Assigned task: The entries that follow include a run beginning at the line with "33 Bay St, unit 2407 for rent" and ending at the line with "ヴィンテージJANOME（ジ"; restate that run word for word and leave the rest out.

━━━━━━━━━━━━━━━━

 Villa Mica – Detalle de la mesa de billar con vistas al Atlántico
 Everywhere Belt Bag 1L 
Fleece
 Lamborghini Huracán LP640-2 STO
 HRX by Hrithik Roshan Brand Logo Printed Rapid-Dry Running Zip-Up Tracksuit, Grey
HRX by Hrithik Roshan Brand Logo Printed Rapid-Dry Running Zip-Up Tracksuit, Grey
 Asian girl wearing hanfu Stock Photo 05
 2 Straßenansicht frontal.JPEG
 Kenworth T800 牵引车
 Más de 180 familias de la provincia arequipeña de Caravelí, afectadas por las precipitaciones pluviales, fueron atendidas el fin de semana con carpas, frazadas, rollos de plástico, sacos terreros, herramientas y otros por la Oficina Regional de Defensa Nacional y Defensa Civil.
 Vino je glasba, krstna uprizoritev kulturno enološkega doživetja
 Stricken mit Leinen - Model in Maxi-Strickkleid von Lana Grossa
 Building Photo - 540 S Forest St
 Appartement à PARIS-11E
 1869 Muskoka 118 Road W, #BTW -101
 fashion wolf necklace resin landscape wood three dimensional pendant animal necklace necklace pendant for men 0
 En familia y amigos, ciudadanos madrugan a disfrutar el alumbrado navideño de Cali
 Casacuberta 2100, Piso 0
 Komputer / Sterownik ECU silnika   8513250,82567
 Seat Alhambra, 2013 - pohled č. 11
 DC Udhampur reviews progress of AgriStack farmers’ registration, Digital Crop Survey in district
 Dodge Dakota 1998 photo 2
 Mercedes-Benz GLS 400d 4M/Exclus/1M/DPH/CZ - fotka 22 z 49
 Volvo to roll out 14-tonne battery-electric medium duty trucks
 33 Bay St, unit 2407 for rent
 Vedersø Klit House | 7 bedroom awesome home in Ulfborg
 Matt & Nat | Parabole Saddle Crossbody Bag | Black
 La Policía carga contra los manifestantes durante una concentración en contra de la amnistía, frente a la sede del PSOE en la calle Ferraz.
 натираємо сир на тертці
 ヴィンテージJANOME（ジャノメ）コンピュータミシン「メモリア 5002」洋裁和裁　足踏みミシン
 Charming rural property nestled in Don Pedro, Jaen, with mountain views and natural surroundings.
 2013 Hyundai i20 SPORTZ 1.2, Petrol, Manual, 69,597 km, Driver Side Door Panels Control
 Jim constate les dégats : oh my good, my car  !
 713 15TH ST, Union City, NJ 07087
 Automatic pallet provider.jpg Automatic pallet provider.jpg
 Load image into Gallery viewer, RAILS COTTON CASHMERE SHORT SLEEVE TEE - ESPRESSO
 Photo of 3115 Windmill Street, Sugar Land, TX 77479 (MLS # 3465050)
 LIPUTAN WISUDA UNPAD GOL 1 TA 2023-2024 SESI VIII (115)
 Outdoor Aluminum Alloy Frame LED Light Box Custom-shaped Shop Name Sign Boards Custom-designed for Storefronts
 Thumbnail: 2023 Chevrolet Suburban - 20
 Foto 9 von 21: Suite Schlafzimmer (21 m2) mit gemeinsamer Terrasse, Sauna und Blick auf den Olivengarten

━━━━━━━━━━━━━━━━

Written response:
 33 Bay St, unit 2407 for rent
 Vedersø Klit House | 7 bedroom awesome home in Ulfborg
 Matt & Nat | Parabole Saddle Crossbody Bag | Black
 La Policía carga contra los manifestantes durante una concentración en contra de la amnistía, frente a la sede del PSOE en la calle Ferraz.
 натираємо сир на тертці
 ヴィンテージJANOME（ジャノメ）コンピュータミシン「メモリア 5002」洋裁和裁　足踏みミシン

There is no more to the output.